75% of Shopping Carts Abandoned On Thanksgiving Weekend

Only one out of four online transactions resulted in a purchase Thanksgiving weekend according to a Barilliance study, but triggered email campaigns may have saved some of those lost sessions.

Barilliance, a retail personalization company based in Tel Aviv, tracked 18 million visits to retail websites between November 24 and November 27 to investigate cart abandonment rates by both geography and device.

The United States had the highest cart abandonment rate during the study’s time period with 74.5% of carts being abandoned, two percentage points above the 72.5% of global carts abandonment over Black Friday weekend. Spain had the lowest overall cart abandonment at 70%.

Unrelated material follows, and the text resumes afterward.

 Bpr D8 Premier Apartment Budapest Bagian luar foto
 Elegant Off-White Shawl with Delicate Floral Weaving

Transactions on mobile devices are more likely to result in an abandoned cart according to Barilliance, with mobile experiences increasing cart abandonment by 15.9%. Mobile transactions are also more likely to have fewer items in a shopping cart, with average order value increasing by 10.6% on desktop.

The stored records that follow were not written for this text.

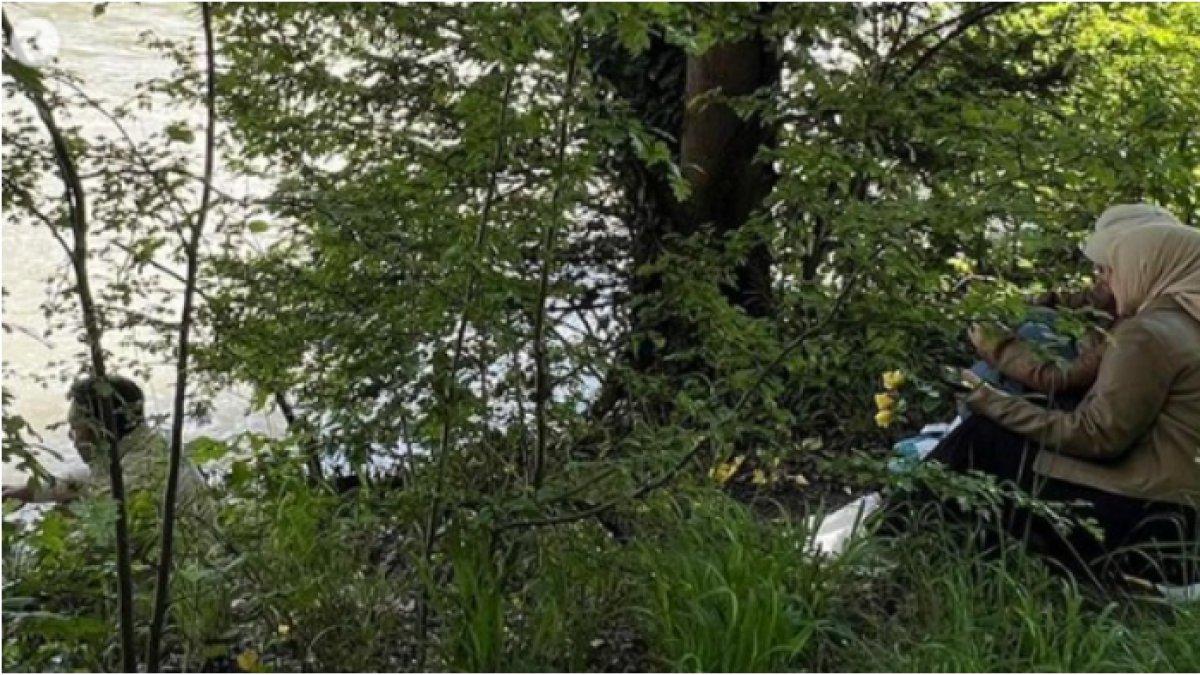 Menghabiskan momen di tepi sungai Aare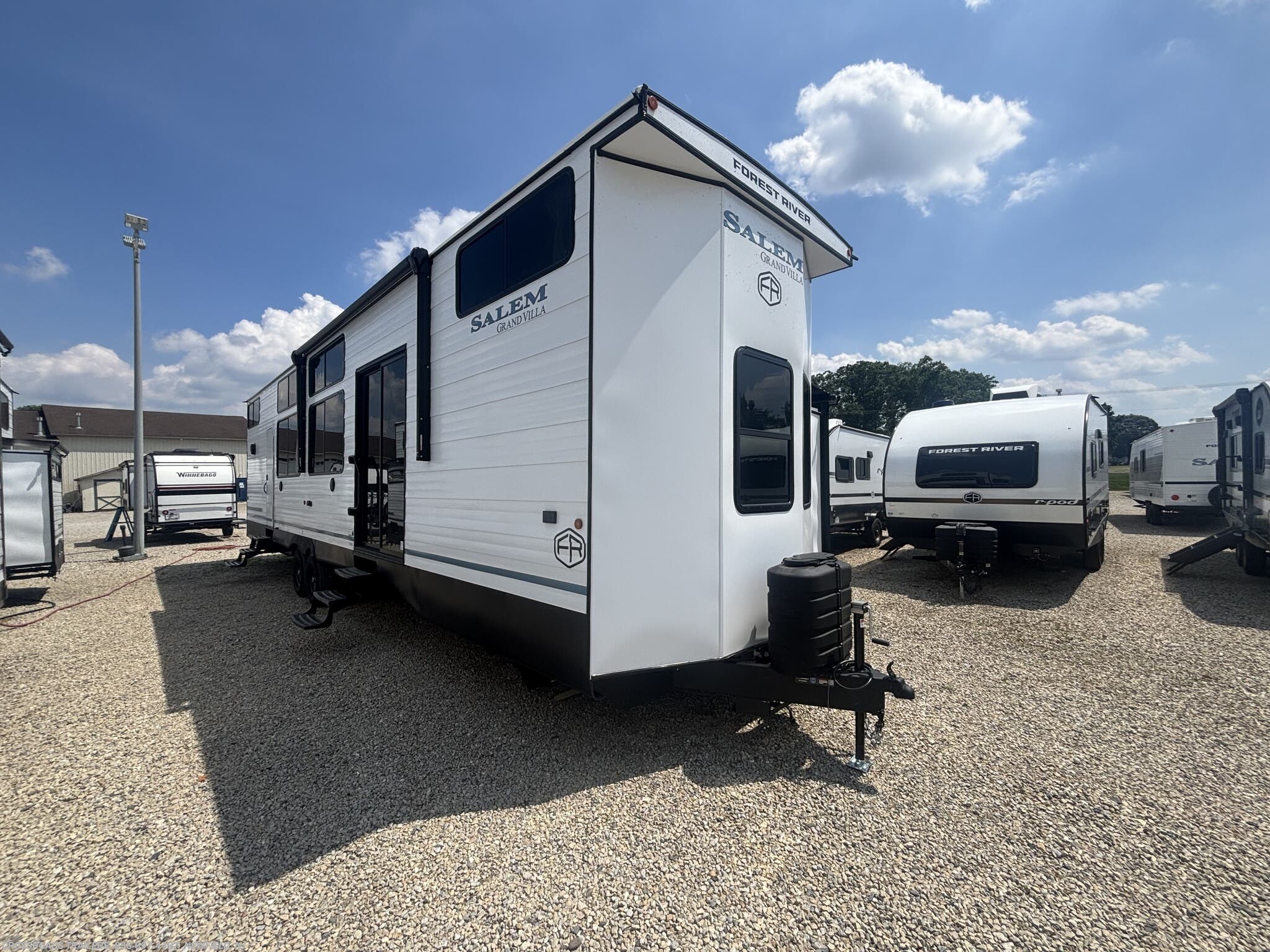 New 2027 Forest River Salem Villa 42ICE available in Newfield, New Jersey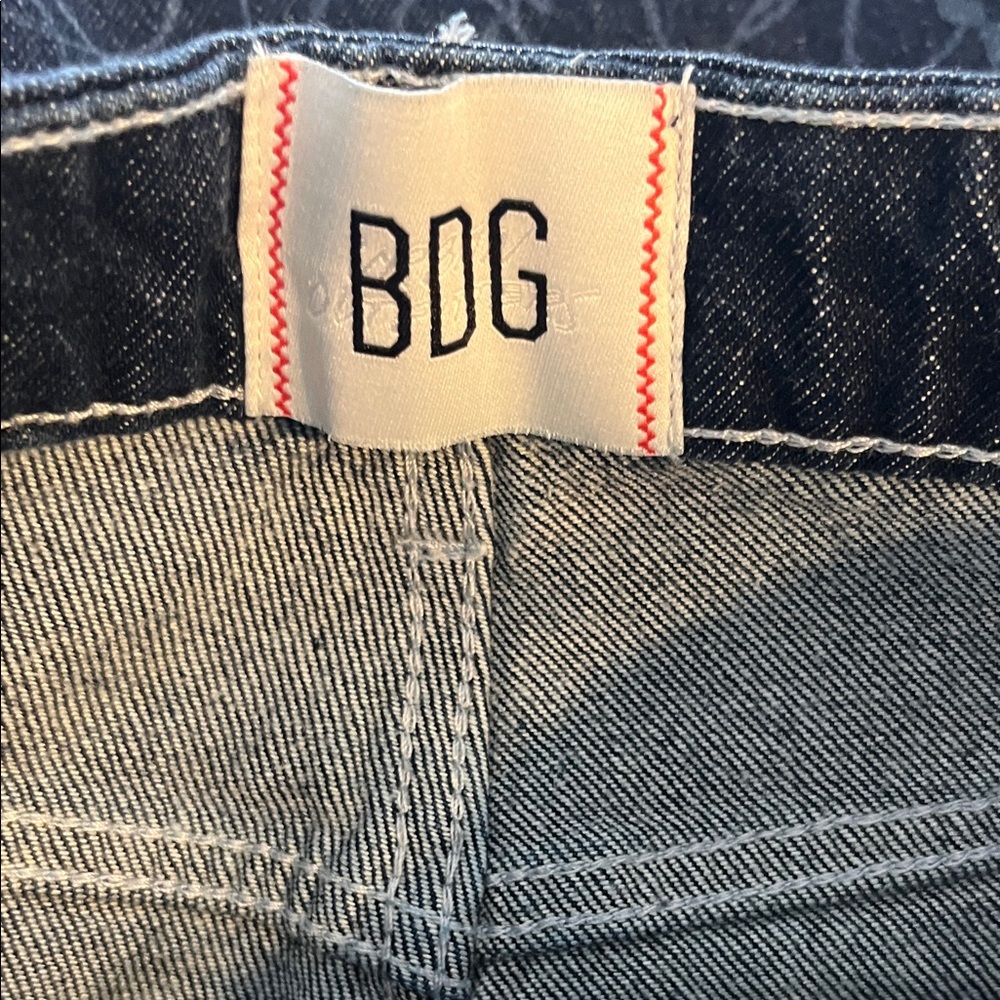 BDG Low Rise Flare Patterned Jeans Size 30 Inseam 32” New With Tags - Picture 7 of 10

Abandoned cart emails, sent to shoppers after they’ve added items to their cart but failed to complete a purchase within a designated amount of time, can recuperate some of the losses from abandoned carts. Cart abandonment emails drive the most revenue per recipient for online retailers with average order sizes of more than $50, according to a Klaviyo study of 1.5 billion emails sent from 1,000 US-based companies in the fourth quarter of 2016.

In fact, the average revenue per abandoned cart email is $5.64 according to BigCommerce, a large leap ahead of the $.02 average made on traditional promotional emails. 

Timing is especially critical with abandoned cart campaigns according to SaleCylcle, with emails send exactly one hour after a cart is initially abandoned performing the best with an average conversion rate of 6.33%.